One of the consultation papers submitted to the British government stated that:
(Indent)“Complex contractual issues: The contractual arrangements and product information for these products is complex, which gives rise to a risk that consumers do not have a clear and sufficient understanding of the risks inherent in these products, which could lead to poor consumer choices and so potential detriment.” (FSA 2006, p 20).(Endent)
Controversy about Islamic financial practices can arise when the translation is made from Arabic to English, and again when existing English financial terminology is used to define the Islamic contract. To give some examples, British government departments employ the exact words for two different concepts: Ijara (FSA 2006, p 3) (leasing to rent) and Ijara wa Iqtina’a (HM Treasury 2007, p 9) (lease to own). This has been repeated in many formal papers dealing with Islamic mortgage regulations in the UK. The authors applied another interpretation of the Ijara, explaining it as a sale and lease arrangement (HM Treasury 2004, p 21). Also the bank offers the Islamic mortgage product and promotes it as Ijara (UNB), when it should be Ijara wa Iqtina’a.
Another example is the Defining Home Reversions that explained the Ijara as Ijara wa Iqtina’a (CD 2004, p 1). In one of the FSA papers that both Ijara and Musharaka Mutanaqisa (Diminishing Partnership) are used regularly as an Islamic mortgage mode in the UK (Ainley et al 2007, p 20). It would be more beneficial to use the Ijara and the Musharaka Mutanaqisa as the Islamic mortgage’s applicable modes. The Ijara- based contract is used to pay the rent of the bank’s share in the house. The Musharaka Mutaniqisa- based contract covers the arrangements of the bank’s share in the house, this is quite similar to the Ijara wa Iqtina’a mode. This could bring Ijara wa Iqtina’a and Musharaka Mutaniqisa together to make them a uniform terminology mode for the Islamic mortgage.

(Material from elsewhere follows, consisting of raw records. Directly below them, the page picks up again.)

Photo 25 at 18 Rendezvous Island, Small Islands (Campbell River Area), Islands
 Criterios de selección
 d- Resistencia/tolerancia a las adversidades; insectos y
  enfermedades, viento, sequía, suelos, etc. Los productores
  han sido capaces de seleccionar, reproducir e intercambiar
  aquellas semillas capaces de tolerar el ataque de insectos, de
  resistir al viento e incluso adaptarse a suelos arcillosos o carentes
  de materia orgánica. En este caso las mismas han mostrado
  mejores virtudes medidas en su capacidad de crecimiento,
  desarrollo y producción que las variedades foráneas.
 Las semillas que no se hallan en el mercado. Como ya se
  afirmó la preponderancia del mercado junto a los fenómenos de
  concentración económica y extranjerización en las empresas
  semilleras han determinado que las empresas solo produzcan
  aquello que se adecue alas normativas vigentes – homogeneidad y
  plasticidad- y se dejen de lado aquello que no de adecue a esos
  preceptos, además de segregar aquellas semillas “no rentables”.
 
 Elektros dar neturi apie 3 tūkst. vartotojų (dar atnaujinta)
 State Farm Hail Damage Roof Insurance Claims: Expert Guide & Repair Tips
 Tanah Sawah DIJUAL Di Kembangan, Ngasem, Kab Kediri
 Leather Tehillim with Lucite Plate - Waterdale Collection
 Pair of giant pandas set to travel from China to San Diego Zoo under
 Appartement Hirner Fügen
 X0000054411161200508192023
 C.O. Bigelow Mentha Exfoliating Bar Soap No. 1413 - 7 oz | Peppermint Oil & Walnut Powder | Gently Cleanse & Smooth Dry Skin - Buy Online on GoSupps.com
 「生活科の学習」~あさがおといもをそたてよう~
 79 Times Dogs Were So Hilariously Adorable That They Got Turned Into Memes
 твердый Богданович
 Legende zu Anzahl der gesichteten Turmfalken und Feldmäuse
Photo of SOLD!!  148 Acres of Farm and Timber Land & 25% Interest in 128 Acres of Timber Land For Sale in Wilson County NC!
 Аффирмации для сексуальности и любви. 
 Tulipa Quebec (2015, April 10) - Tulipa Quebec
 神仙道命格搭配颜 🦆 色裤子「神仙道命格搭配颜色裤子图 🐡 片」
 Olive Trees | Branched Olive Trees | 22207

The confusion has been also extended to the Regulation of Financial Services (Land Transactions Act 2005). The explanatory notes state that ‘A typical Murabaha contract is an arrangement whereby a scheme provider buys a house and then sells it to a customer at a higher price to be repaid over time.’ It is correct up to this point, but it is incorrect when it follows this with: ‘The house is registered at the customer’s name and a charge given over it in favor of the scheme provider.’ The proper arrangement, which is one of the main factors in this model, is to keep the property title in the bank’s name until the customer repays all the installments. And once again, there is another misunderstanding when it states that: ‘A typical Ijara contract is an arrangement whereby a scheme provider buys a property and rents it to the customer over a term.’ This is correct, but the misconception starts when it continues: ‘The customer also pays an original purchase price over the same term and acquires ownership at the end of that term.’ The accurate term, in this case, would fit with the Ijarah wa Iqtina’a which is (lease to own), not Ijara, which the explanatory notes refer to. This is a very serious misunderstanding, and it could lead to the wrong application of the contract terms. Furthermore, this confusion could hamper the adoption of the proper Islamic mortgage models or make it difficult to understand. However, it should be pointed out that the UK Budget 2007: Regulatory Impact Assessment refers to the Ijara wa Iqtina’a as comparable to a hire purchase agreement (Balls 2007, p 2).